1. Introduction
Recently, the demand for AIS (Automatic Identification System) data for research and development in the maritime transport discipline has been continuously increasing [
1]. AIS enables ships to communicate with each other or contact satellites and base stations using various information such as a Maritime Mobile Identification Number (MMSI), longitude, latitude, speed over ground (SOG), course over ground (COG), headings, etc. [
2]. Researchers have found that AIS can function as a big data source not only for maritime safety but also for other kinds of research, such as traffic analysis, transport economy, emissions, etc. [
3].
Although AIS has played a significant role in maritime transport-related research with its enormous amount of data, data error is likely to occur due to various factors [
4,
5]. Those incorrect data lead to inaccurate conclusions in trajectory analysis, which is crucial for further applications. Therefore, it is of great concern to detect and remove those abnormal data to improve the quality of AIS data.

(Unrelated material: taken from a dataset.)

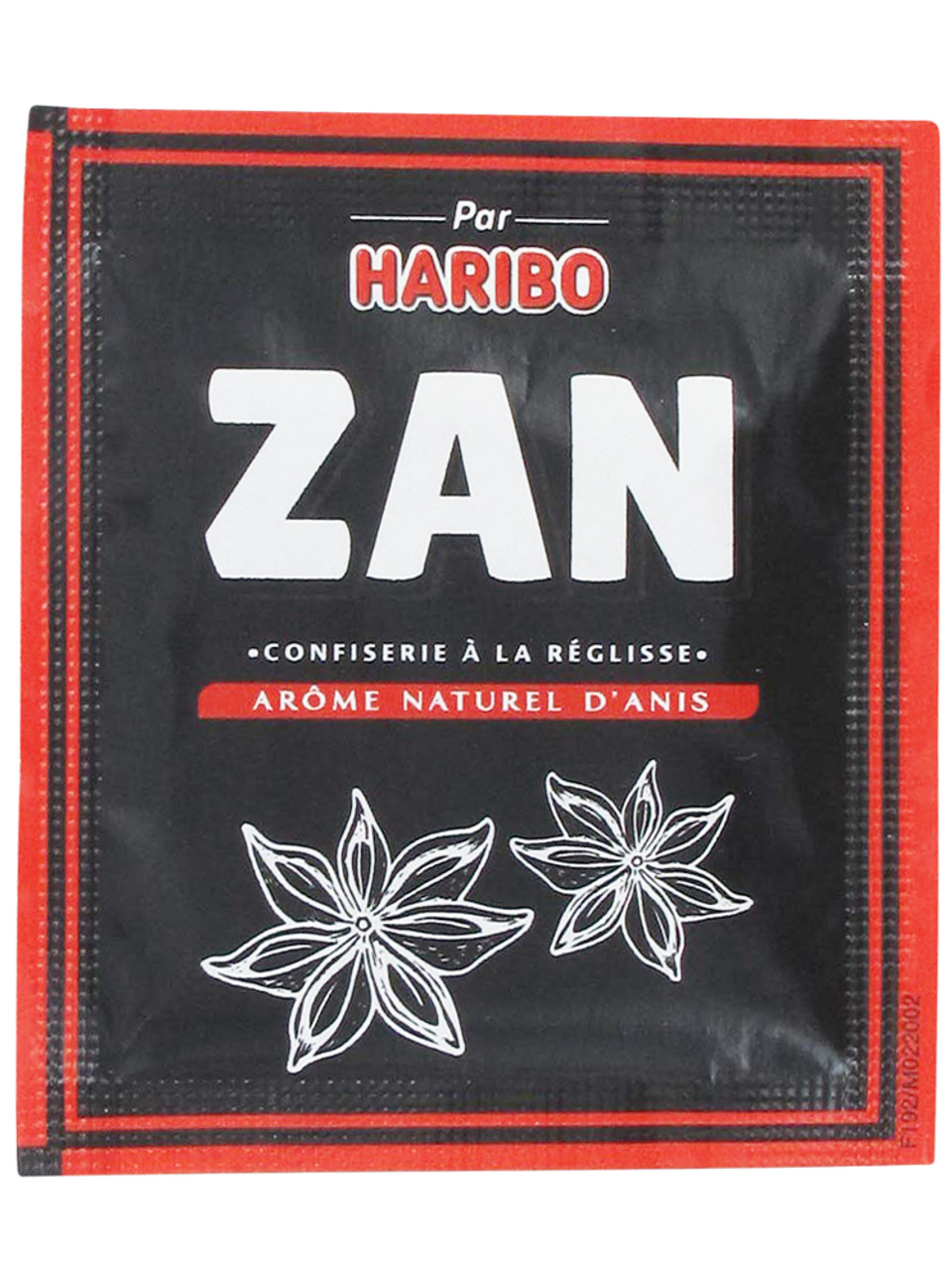 Zan Mint-Flavored Licorice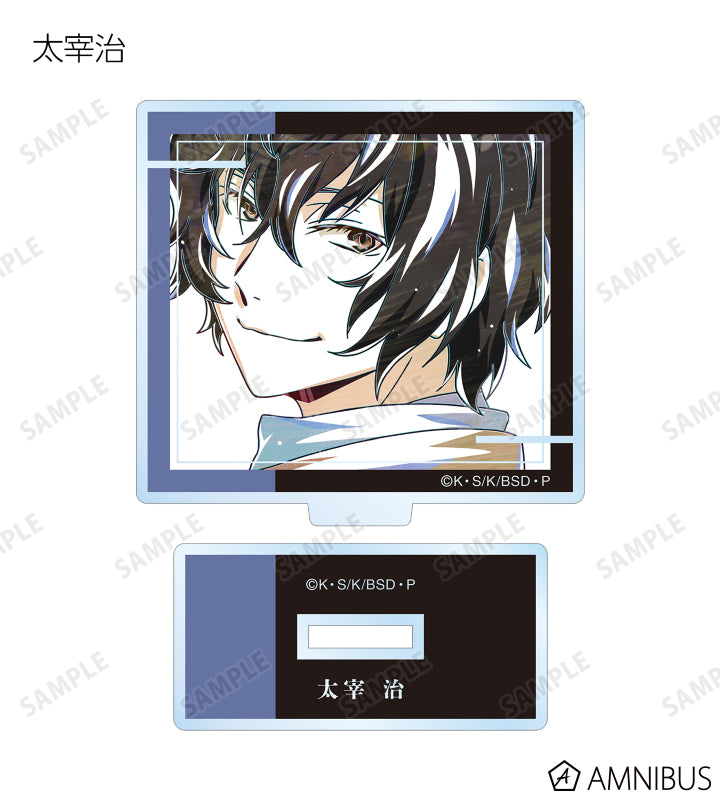 Ani-Art Vol.4 Acrylic Stand - Ver. A - Complete Set of 9 Types - official image 3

To date, researchers have made great efforts to identify abnormal data in AIS through different methods. According to [
6,
7], the abnormal data detection methods for ship trajectory can be divided into two types: knowledge-driven and data-driven. In general, those methods that correspond to the knowledge-driven approaches can be regarded as rule-based methods. The simplest way to conduct anomaly detection for AIS data is to use a predefined data range to determine and exclude the outliers [
8], which is efficient but has relatively poor performance in terms of its accuracy and reliability. In [
9], the authors considered the geometric shape of a ship trajectory and proposed a vector-based method to detect anomalies. Besides, since AIS data can describe the kinematic characteristic of a ship, based on the nearly-constant velocity (NCV), an Ornstein–Uhlenbeck model has been proposed to detect whether a ship deviates from a planned route [
10]. Apart from the single factors such as the shape characteristic of ship trajectories, factors such as position, speed, acceleration, rate of turn, etc. can be used to discover abnormal data [
11,
12] following some pre-defined criteria for the anomaly. However, the drawbacks of this kind of approach are obvious: the definition of the rules relies on human knowledge and the characteristics of the regional data, and thus it is difficult for this approach to provide a generalized anomaly detection method.
Different from the knowledge-driven approaches, the data-driven approach focuses on learning the ship behaviors from the trajectory data to generate motion patterns. Those behaviors that differ from the extracted patterns are considered anomalies, the associated data will then be detected. Based on the way to extract motion patterns, the data-driven approaches can be further divided into three kinds: Similarity-Based, Supervised-Learning-Based, and Unsupervised-Learning-Based. For Similarity-based methods, the similarity between the trajectories is applied as an alternative to determining the anomaly of the trajectory by comparing it with all labeled trajectories. A common challenge in similarity calculation is the unequal length of different trajectories, and thus a varies of methods have been proposed to overcome the issue [
13]. A method based on Hausdorff distance is proposed by [
14] to compare the similarity of multi-dimensional trajectories and detect the abnormal in them. Reference [
15] proposed a method of asynchronous trajectory matching based on piecewise space-time constraints (PTSCTM) to reconstruct and discover the anomalies of ships, in which the Euclidean distance and time distance are used to find similar trajectories points.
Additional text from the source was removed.